#### EXERCISE DESCRIPTION
Find the line in the entries below that contains "[Translate to English:]". Repeat it exactly, and every line after it through the line that contains "二弟柯龙飞回乡,亲朋好友夹道相迎(左:大哥柯艳华 &nbsp;右:二弟柯".

** RECORDS FOR THIS TASK follows **

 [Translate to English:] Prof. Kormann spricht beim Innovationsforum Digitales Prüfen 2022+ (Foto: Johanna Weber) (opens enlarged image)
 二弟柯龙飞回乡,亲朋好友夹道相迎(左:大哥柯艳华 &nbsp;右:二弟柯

** End of RECORDS FOR THIS TASK **
** RECORDS FOR THIS TASK follows **

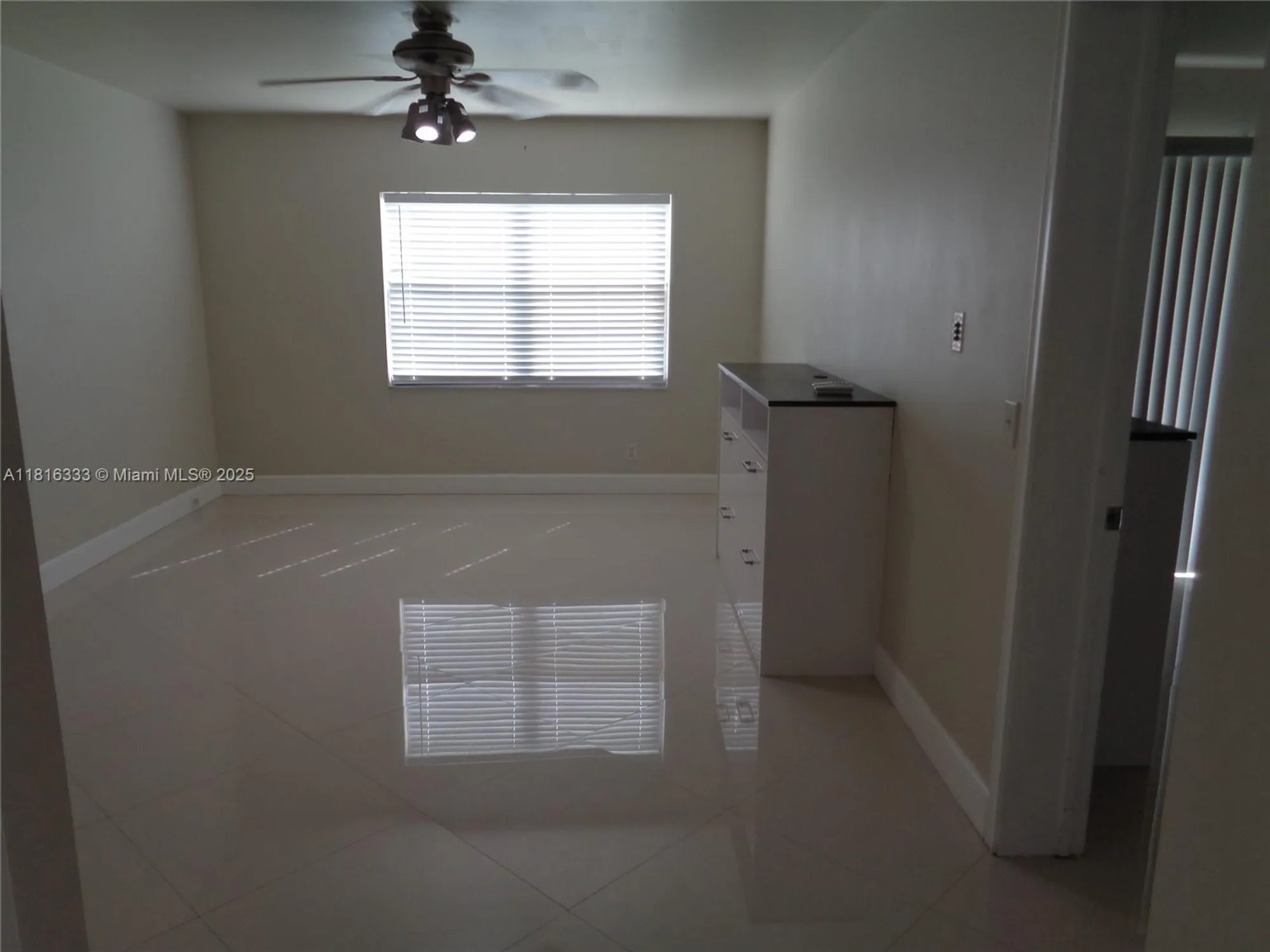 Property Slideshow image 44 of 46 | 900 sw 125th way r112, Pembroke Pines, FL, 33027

** End of RECORDS FOR THIS TASK **

#### ANSWER SPACE
 [Translate to English:] Prof. Kormann spricht beim Innovationsforum Digitales Prüfen 2022+ (Foto: Johanna Weber) (opens enlarged image)
 二弟柯龙飞回乡,亲朋好友夹道相迎(左:大哥柯艳华 &nbsp;右:二弟柯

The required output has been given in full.